THE FUTURE OF FLYING

THE FUTURE OF FLYING
Change does not come easily to a venerable, tradition laden institution like the National Geographic. For good reason, of course. What they do, they do quite well, and for quite a long time now. But the digital revolution was howling at the door, and at one point or another yellow boxes of Kodachrome were bound to give way to streams of pixels. Appropriately, it was this story, a forward looking piece about aviation and what was to come, that firmly opened that digital door.

This was the first ever all digital story shot for National Geographic. In other words, not a frame of film was expended in the field. It was all shot with ones and zeroes on Nikon D1X cameras. Doing a story for Geographic is always a pressurized experience, this one doubly so because of the technology involved. All eyes were on these pictures. Would they hold a candle to Kodachrome? Would pixels somehow alter the experience for the reader, and look different in the magazine? How do we store all these electronic pictures?

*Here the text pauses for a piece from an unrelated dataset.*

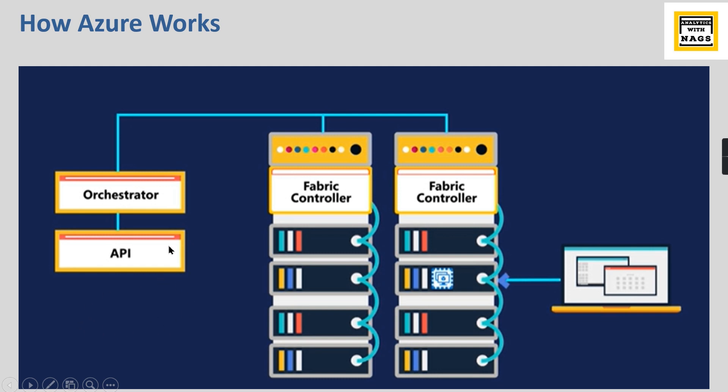Whenever there is some request from the client applications, say for example Azure Portal, the orchestrator decides which rack is available for it, chooses the best rack and the server available.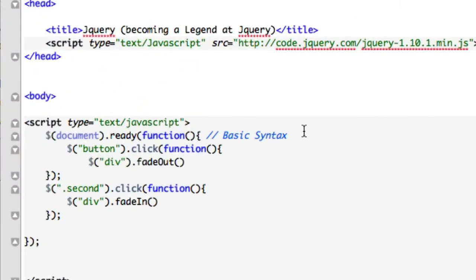Legends of the world, welcome back. Okay, so in the last video we talked about fade in and fade out, which makes it only appropriate now that we talk about fade toggle, which is probably, I wouldn't say one of my favorite things in jQuery, but it's pretty awesome. It's pretty cool. So how are we going to create an example and talk about it?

How will this affect our time honored workflow?

Bill Douthitt, my editor, and I must have answered those questions and others reasonably well, because within a few short years of this December, 2003 cover story, about 90% of the coverages in Nat Geo were shot with digital cameras. Like virtually every other publication in the world, the yellow magazine left film behind, and embraced the digital world.

As I mentioned, this was a good story to break the ice, because while I was shooting with amazing, cutting edge visual machinery, I was covering and flying in even more amazing machinery. I was not after the old warbirds, and historically important aircraft, beautiful as they are. I was assigned to report on what was in the air, and what was literally about to be in the air. I got shot off aircraft carriers, spent time in the Persian Gulf, flew in formation with the Blue Angels, tracked the B-2 bomber in flight, had medical reviews, parachute training, and air chamber tests. Nat Geo was the first magazine to get dedicated observation time on the F-22, of which there were only five flying at the time. I shot the V-22 Osprey, still in test phase. I landed a 747, badly, a few times in a Boeing flight simulator. I shot experimental pilot-less drones out in the desert.

Typical of Geographic, they immerse you in the story. I went to flight school to train my body to take g-forces. (I've taken up to 9.1.) My flight trainer forced me to push the stick, and try to develop what pilot's call "situational awareness," by concentrating on the environment outside the canopy. We flew in a civilian aerobatic plane called an Extra 300, which is basically an engine with wings, and did all sorts of maneuvers. Sounds like fun, except early in the training I would wake up every day knowing I would barf at least four or five times later on. I was eating a lot of bananas. As pilots will tell you, they look the same coming up as they do going down.

One of the best barometers of the impact of the story was that most of the take was acquired by the Library of Congress. The curators there felt it was an important continuum in the visual history of aviation they have maintained since the days of the Wright Brothers. They also felt strongly that the first digital effort on the part of National Geographic was worth noting and preserving. For me, I was given a window into the world of flight in a very special way, and I got to fly in some amazing aircraft, flown by terrific pilots. As I was settling in the backseat of one of the Blue Angel jets, one of the ground crew just chuckled and tapped me on the helmet. "Back seat in an FA-18! You're about to get a helluva ride, son!"